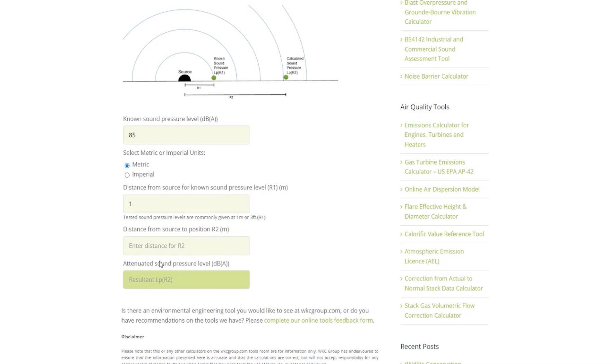Lastly we have the distance from source to position R2 field. This is the field that you will fill in the distance at which you will want to see what the sound level has attenuated to, which can be seen in the final output field differentiated from input fields with a dark green background.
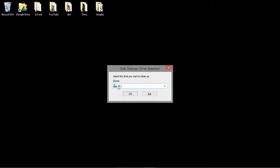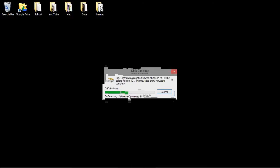Then the C drive, or whichever drive you are on. And this part may take a while, so be patient.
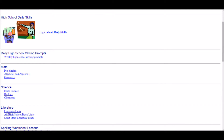Another interesting portion of EdHelper.com deals with daily skills which are worked on according to each grade level. I have chosen to highlight the high school daily skills. Some of the daily skills mentioned include daily writing prompts, which could be used as a morning bell ringer. You could do the same with math, science, and literature. If you choose to do a spelling unit, they have several resources available to tailor the classroom experience you would like your students to have.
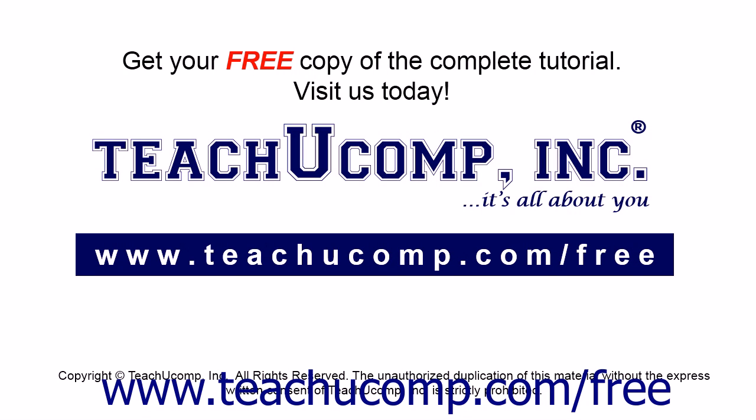Get your free copy of the complete tutorial at www.teachucomp.com/free.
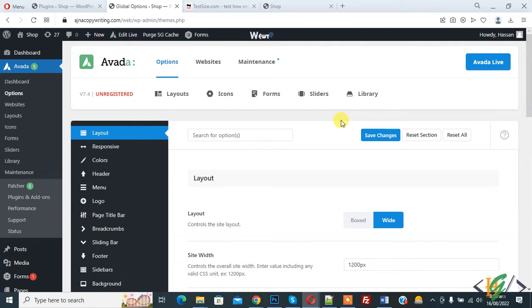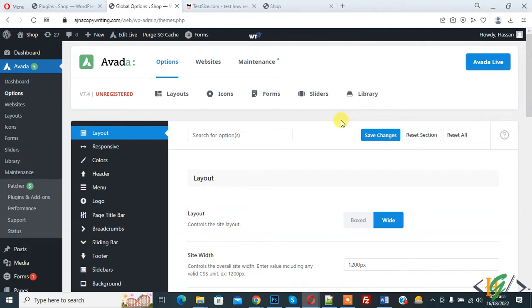Bismillah Ar-Rahman Ar-Rahim, Assalamu Alaikum. My name is Asan and today we are going to expand submenu auto in mobile menu in Avada theme. Before starting work, it's my request please subscribe my channel. Thank you.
● ● ● ● ●
* _Work to be completed_
From the first line above through the line containing "Then the C drive, or", copy everything exactly, without the pictures.

* _Answer below_
Lastly we have the distance from source to position R2 field. This is the field that you will fill in the distance at which you will want to see what the sound level has attenuated to, which can be seen in the final output field differentiated from input fields with a dark green background.
Then the C drive, or whichever drive you are on. And this part may take a while, so be patient.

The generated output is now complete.